GOOD TIMES‎ > ‎All items‎ > ‎

Omega Seamaster 30 -63

posted 28 Nov 2014, 13:04 by Markus Helander   [ updated 21 Dec 2014, 03:14 ]
The first of my vintage spree; the first of my many vintage watches, but truly the one that took me away and started my new hobby.

Central sweep seconds, hippocampus logo back, original logo crown, Omega logo on the armored hesalite crystal; all the things I had learned to look for after intensively searching for information on vintage watches online. Around these times the Omega Vintage Watches Database was in heavy use and this being my first vintage and also my first second-hand watch, I was super-cautious and had decided to look up everything before making the decision to buy one. I believe the Omega watches Vintage site even required some kind of login back then.

I remember the thrill of searching for facts and experiences on vintage Omegas, finding things out these very specific details of different movements, models, eras even for first time.

Omega Seamaster 30 ref. ST 135.0003:

The movement was Omega handwound calibre 286. The first models were with said 286, later to be updated with 269. With 17 jewels and 42-hour reserve the 30mm (Seamaster 30 - you know: 30) movement worked perfectly for its age and ran beyond my dreams. It had the, at this point mostly theoretical, water resistance of 30 meters, but I felt confident enough to keep it from even seeing water. Originally from Omegas international 1962 collection, the serial number puts this piece to 1963.

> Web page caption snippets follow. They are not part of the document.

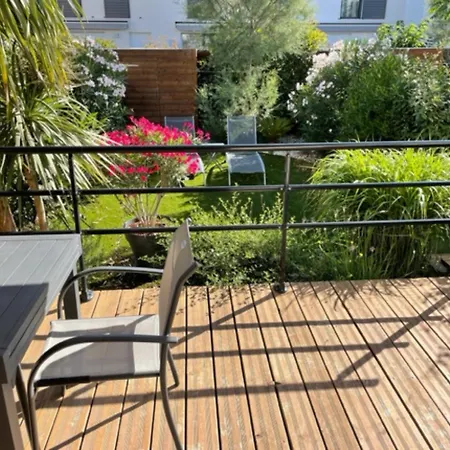 Maison Avec Jardin Et Parking Prive Appartamento *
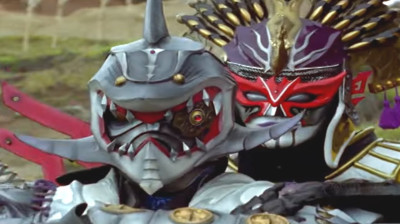 Power Rangers Tempestade Ninja Episódio 33
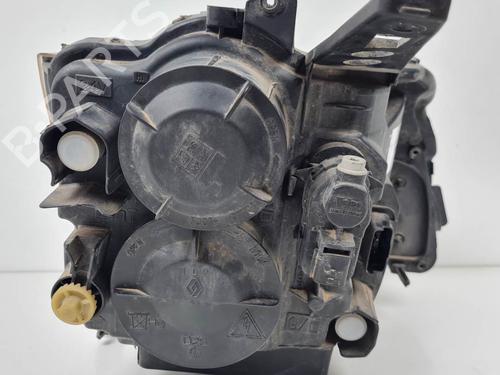 Left headlight RENAULT MODUS / GRAND MODUS (F/JP0_) 1.5 dCi (FP0F, JP0F) | BP28060712C28 - Image 3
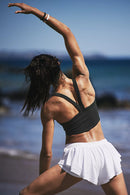 All Clear Cami Solid Black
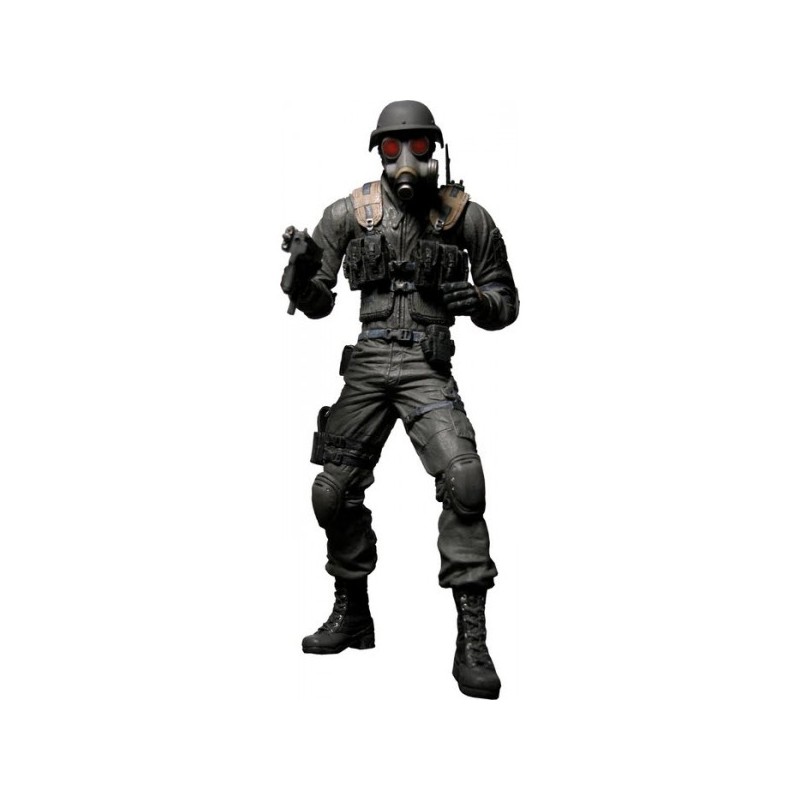 фото Фигурка neca resident evil - хэнк (18 см)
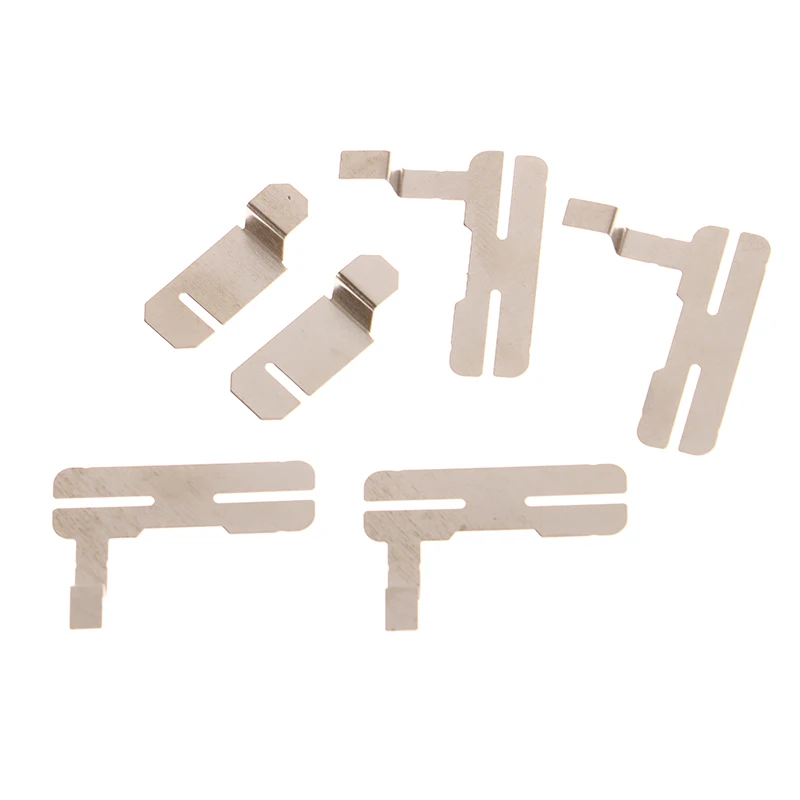 1Set 18650 5S1P Nickel Thickness 0.15MM Spotwelding Connector Nickel Sheets For Electric Drill Cordless Plating Sheet Steel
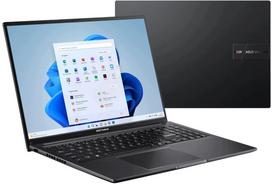 ASUS VivoBook 16 M1605NAQ-MB079W - Ryzen 7 170 | 16" | 24GB | 2TB | W11H | Black | 90NB1831-M004X0|20M224 | 5906849864351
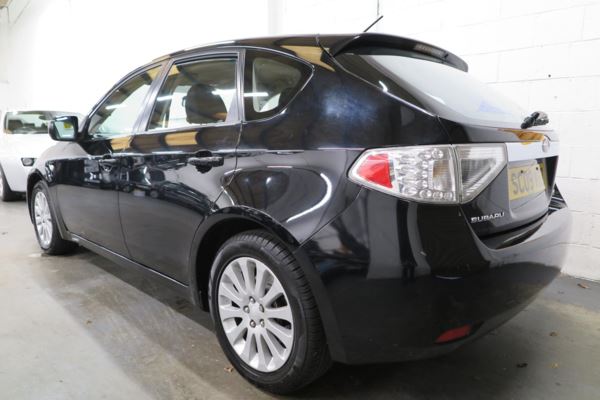 2009 (09) Subaru Impreza 2.0 R 5dr Auto For Sale In Nelson, Lancashire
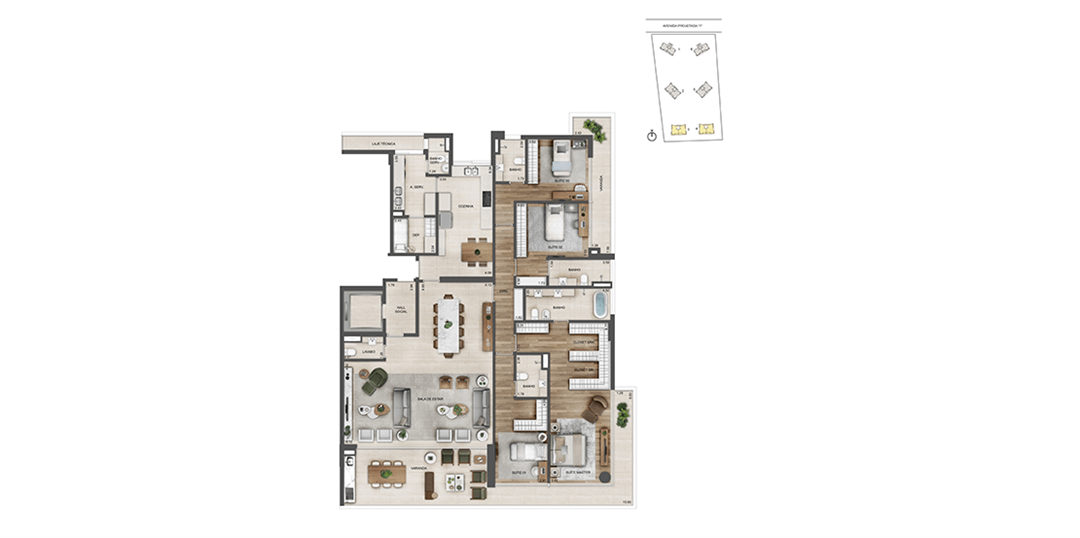 Planta 7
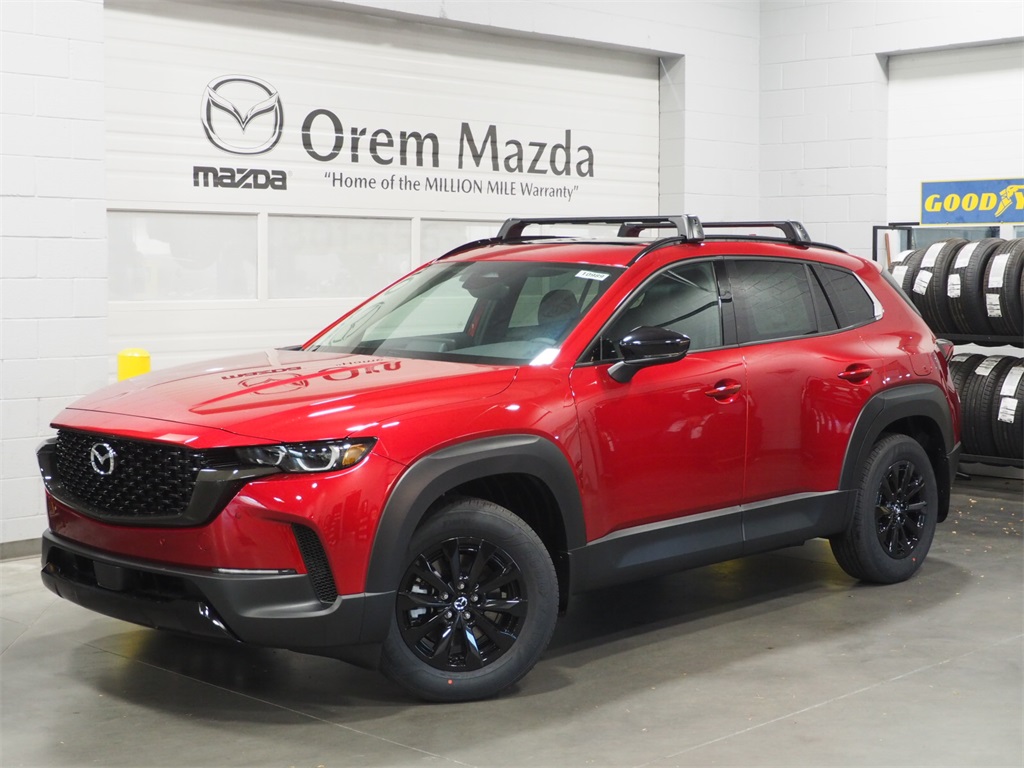 2026 Mazda CX-50 Premium's photo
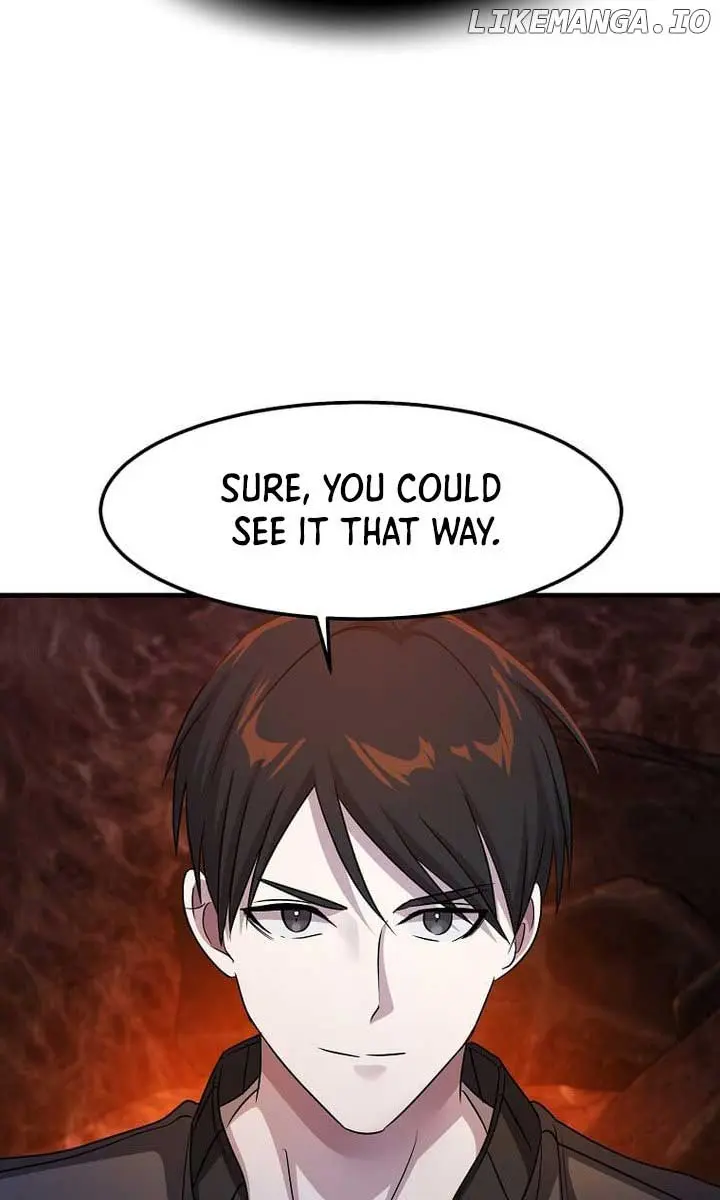 The God of War Is Leveling Up Chapter 42 Page 48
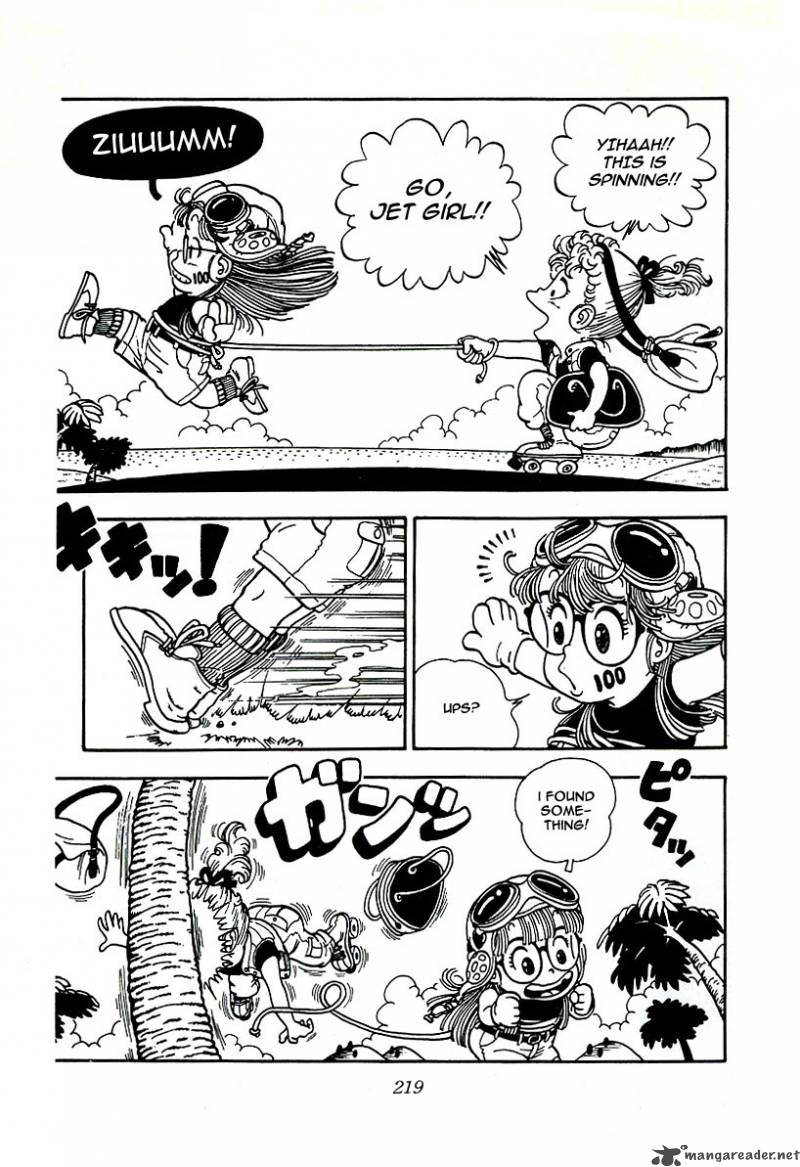 Dr Slump 1 221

Omega hippocampus logo on a pretty scratchless Omega Seamaster 30 case back above was one of the most exciting parts of the watch for me. I've always been in to logos and back then, I even argued online that I preferred logo case backs over display backs on beautiful manual movements. My thoughts have matured, I guess. Now, the beautifully finished bridges, colorful wheels and jewels take my breath away when visible through the case back.

This was, I feel, a true Omega classic from the 60s, when Omega was blazing through the watch industry. The cal 286 was a solid good-sized manual wind movement that, fitted with this stylish yet minimalistic basic case and dial, made a perfect entry-level watch to start my collection. Obviously, this was the first watch I had ever opened up - I saw it tick, and it got me even more excited on mechanical watches.

My vintage spree would take me to a new brand that, to my recollection, didn't even have an authorized dealer in Finland, but was no stranger to the more seasoned watch enthusiasts: Zenith.